REQUIRED ACTION
Excluding pictures, reproduce word for word the lines from the one containing "Kakak by Paul Amyes on 500px.com" through the end of the material below.

DATASET ENTRIES
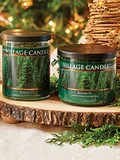 Photograph 5 of Balsam Fir Bowl, 14 oz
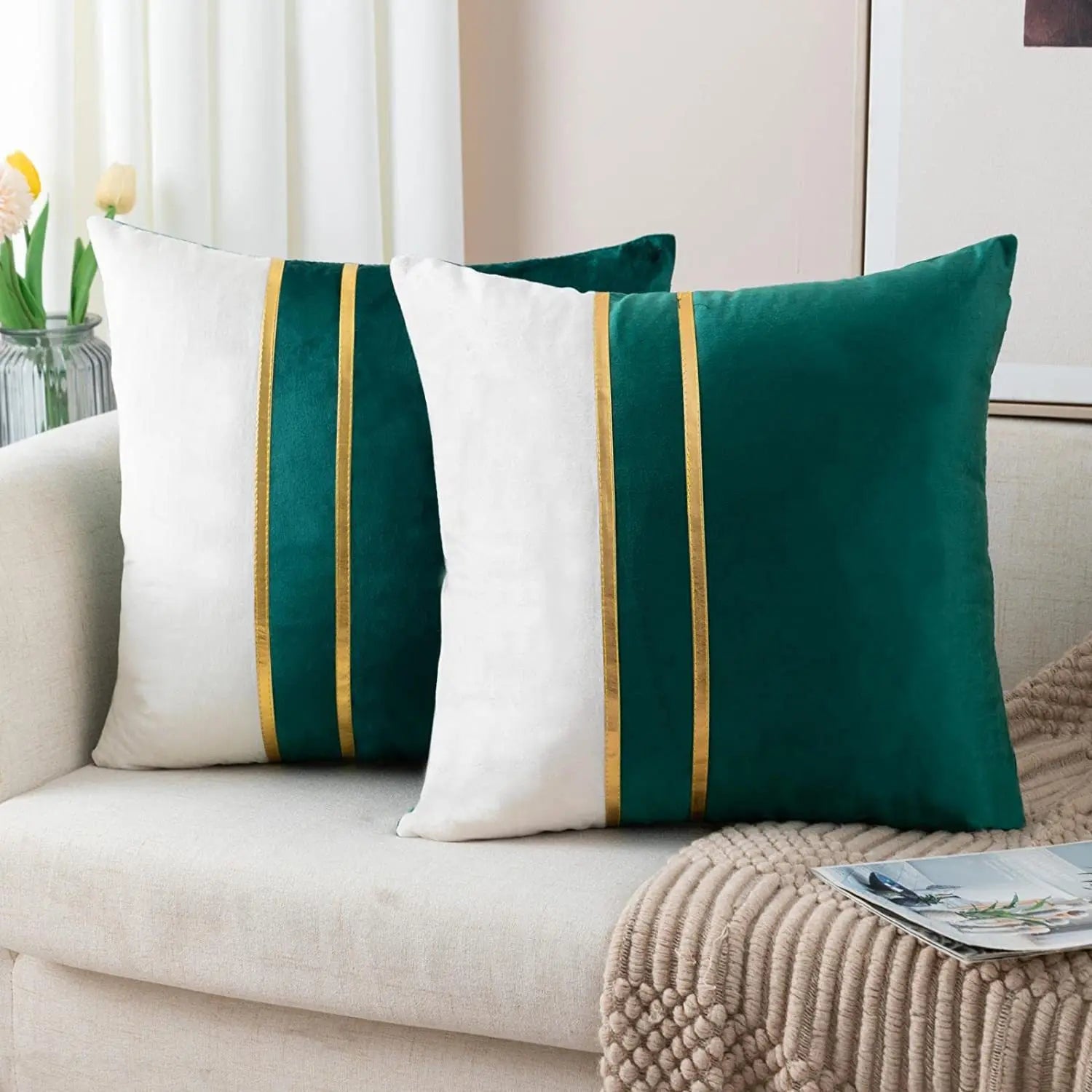 Housse de Coussin Décorative velours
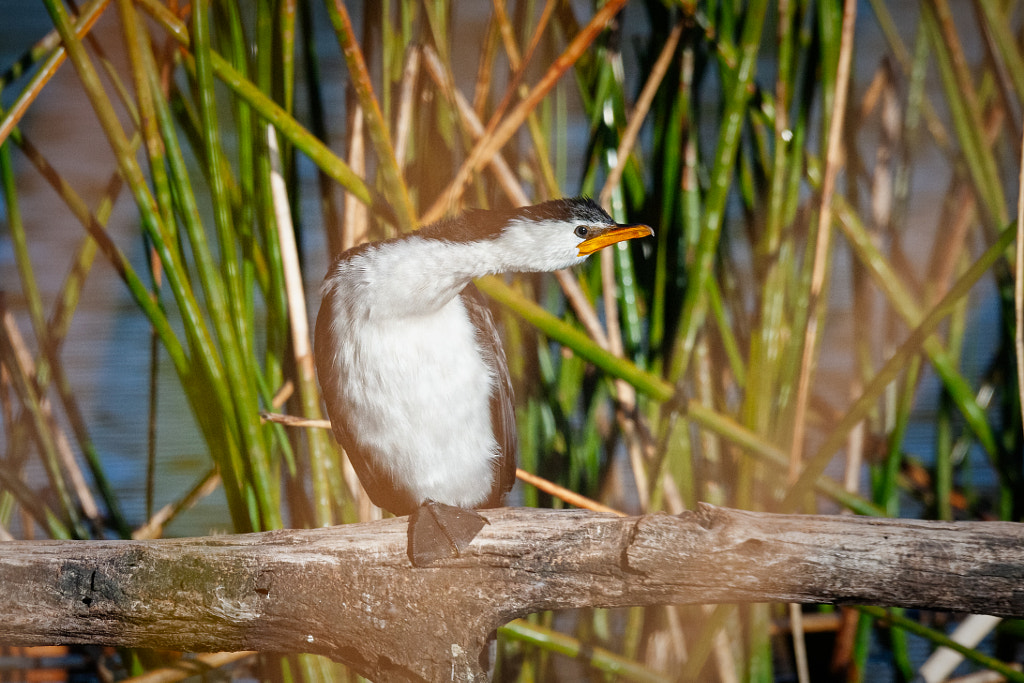 Kakak by Paul Amyes on 500px.com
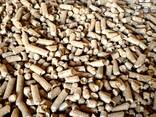 Wood pellet with high Calorific value - photo 1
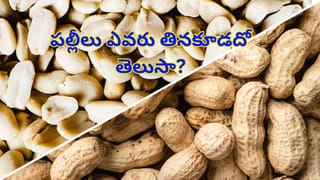 బీరకాయ మీ డైట్‌లో ఉంటే బోలెడన్నీ లాభాలు.. ఇమ్యూనిటీ పెరగడంతో పాటు, గుండెకు మేలు..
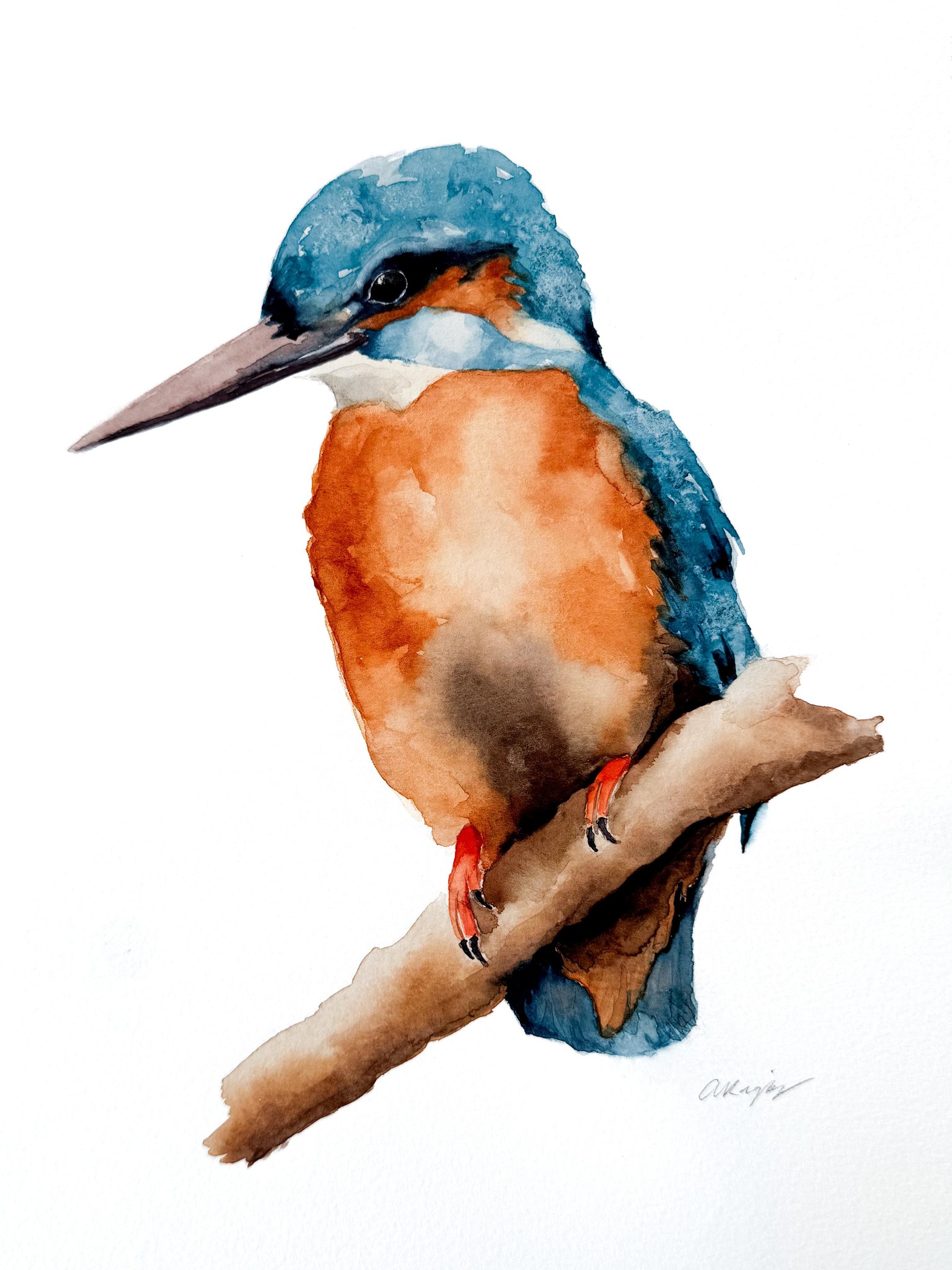 Loose Watercolor Kingfisher - image 1 - student project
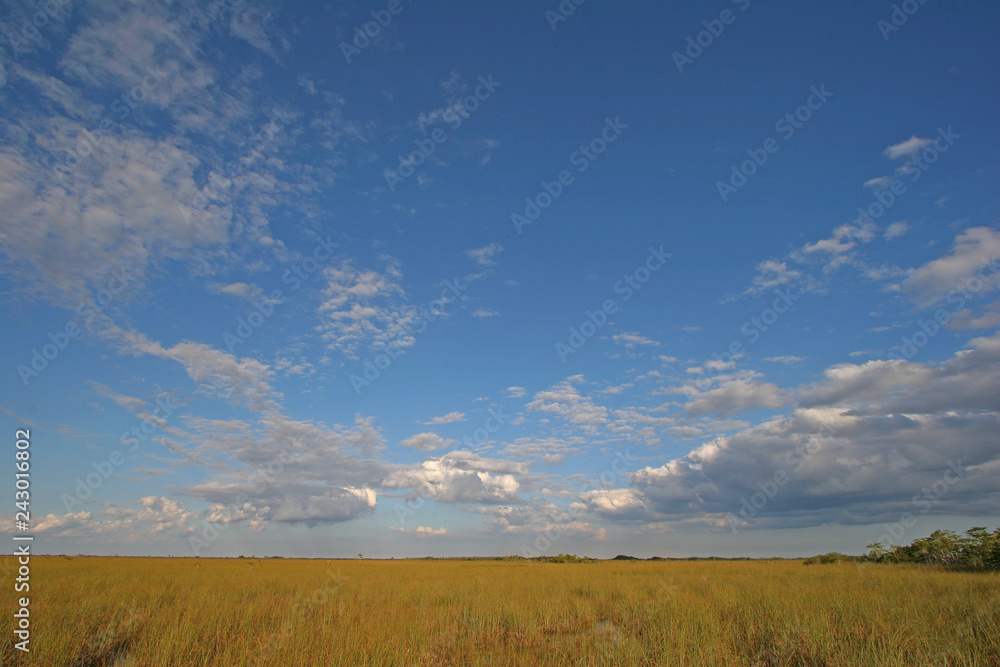 Sawgrass expanse in Everglades National Park, Florida, from the Pa-Hay-Okee boardwalk under a beautiful autumn cloudscape.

SOLUTION FOR THIS TASK
 Kakak by Paul Amyes on 500px.com
 Wood pellet with high Calorific value - photo 1
 బీరకాయ మీ డైట్‌లో ఉంటే బోలెడన్నీ లాభాలు.. ఇమ్యూనిటీ పెరగడంతో పాటు, గుండెకు మేలు..
 Loose Watercolor Kingfisher - image 1 - student project
 Sawgrass expanse in Everglades National Park, Florida, from the Pa-Hay-Okee boardwalk under a beautiful autumn cloudscape.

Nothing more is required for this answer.